EvalML is an open-source Python library created by folks at Alteryx, the people behind Featuretools, that facilitates automated machine learning (AutoML) and model understanding. It abstracts multiple modelling libraries and provides a simple, unified API for building machine learning models. EvalML supports a wide range of supervised learning problems such as regression, binary classification and multiclass classification. 

The pipelines created by EvalML’s AutoMLSearch includes preprocessing and featuring engineering out of the box. The user has to identify the target attribute; AutoML runs a search algorithm to train and score several models for the problem type. This enables the user to select one of the models based on their scores and then use it to generate predictions or do analysis. It also supports custom problem-specific objective functions, enabling users to specify exactly what makes a model valuable for their use case. 

Not only do these custom objectives help steer the AutoML search towards models with higher impact, but they are also used to tune the classification thresholds of binary classification models.

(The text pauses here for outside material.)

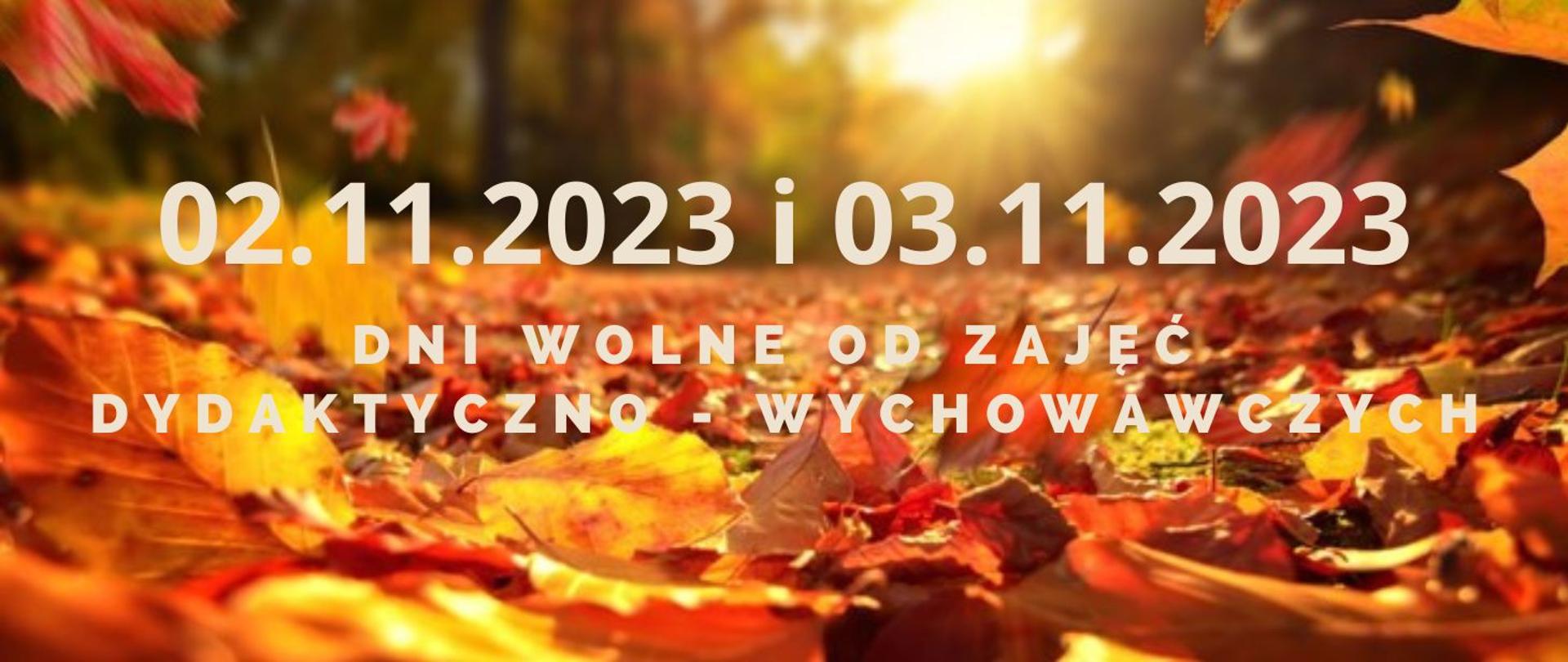 Zdjęcie przedstawiające pejzaż jesienny , czerwono - żółte liście w parku. U góry przebijające się przez gałęzie słońce. Jasnymi literami daty drugi i trzeci listopad oraz informacja, że dni są wolne od zajęć dydaktycznych.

You can find an example of a custom objective function created for the task credit card fraud detection here. Additionally, EvalML has a collection of models and tools for model understanding. It currently supports feature importance and permutation importance, partial dependence, precision-recall, confusion matrices, ROC curves, prediction explanations, and binary classifier threshold optimization.

Furthermore, EvalML provides data checks that can be used to catch common problems with data before modelling. This helps prevent model quality problems, ambiguous bugs and stack traces. Currently EvalML includes the following data checks:

An approach for detecting target leakage by providing the model with information during training that won’t be available at prediction-time
Detection of invalid datatypes 
Checking for class imbalance
Looking for redundant features like highly null columns, constant columns, and columns which are probably an ID and not useful for modelling.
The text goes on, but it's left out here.